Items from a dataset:
● ● ● ● ●

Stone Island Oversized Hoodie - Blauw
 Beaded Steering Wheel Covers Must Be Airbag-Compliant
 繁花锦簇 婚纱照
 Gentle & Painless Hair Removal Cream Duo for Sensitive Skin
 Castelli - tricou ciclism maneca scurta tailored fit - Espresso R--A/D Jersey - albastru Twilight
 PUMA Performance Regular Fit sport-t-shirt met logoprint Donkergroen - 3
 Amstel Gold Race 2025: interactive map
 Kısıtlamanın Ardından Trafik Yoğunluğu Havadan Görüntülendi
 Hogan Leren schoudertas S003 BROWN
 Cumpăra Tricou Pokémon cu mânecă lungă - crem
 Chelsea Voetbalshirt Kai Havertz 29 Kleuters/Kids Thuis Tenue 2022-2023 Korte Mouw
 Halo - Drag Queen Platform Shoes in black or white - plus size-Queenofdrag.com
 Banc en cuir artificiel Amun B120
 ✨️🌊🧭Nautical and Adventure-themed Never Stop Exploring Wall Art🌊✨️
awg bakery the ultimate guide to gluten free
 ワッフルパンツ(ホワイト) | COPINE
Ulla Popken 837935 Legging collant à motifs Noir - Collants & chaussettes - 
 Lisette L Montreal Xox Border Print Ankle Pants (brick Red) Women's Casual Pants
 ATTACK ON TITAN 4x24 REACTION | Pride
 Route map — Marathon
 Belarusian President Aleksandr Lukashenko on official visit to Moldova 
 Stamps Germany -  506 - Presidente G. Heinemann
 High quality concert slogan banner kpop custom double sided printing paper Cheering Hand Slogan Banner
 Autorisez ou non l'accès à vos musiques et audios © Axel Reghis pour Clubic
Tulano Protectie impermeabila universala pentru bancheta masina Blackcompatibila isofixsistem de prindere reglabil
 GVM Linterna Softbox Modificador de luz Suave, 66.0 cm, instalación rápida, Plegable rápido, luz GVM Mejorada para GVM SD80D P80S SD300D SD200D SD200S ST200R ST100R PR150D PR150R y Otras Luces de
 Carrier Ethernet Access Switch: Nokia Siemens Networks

● ● ● ● ●

### [What needs to be done]
Beginning with the very first line of the records above, please retype each line through the one that has "Castelli - tricou", and add nothing.

### [Your response]
Stone Island Oversized Hoodie - Blauw
 Beaded Steering Wheel Covers Must Be Airbag-Compliant
 繁花锦簇 婚纱照
 Gentle & Painless Hair Removal Cream Duo for Sensitive Skin
 Castelli - tricou ciclism maneca scurta tailored fit - Espresso R--A/D Jersey - albastru Twilight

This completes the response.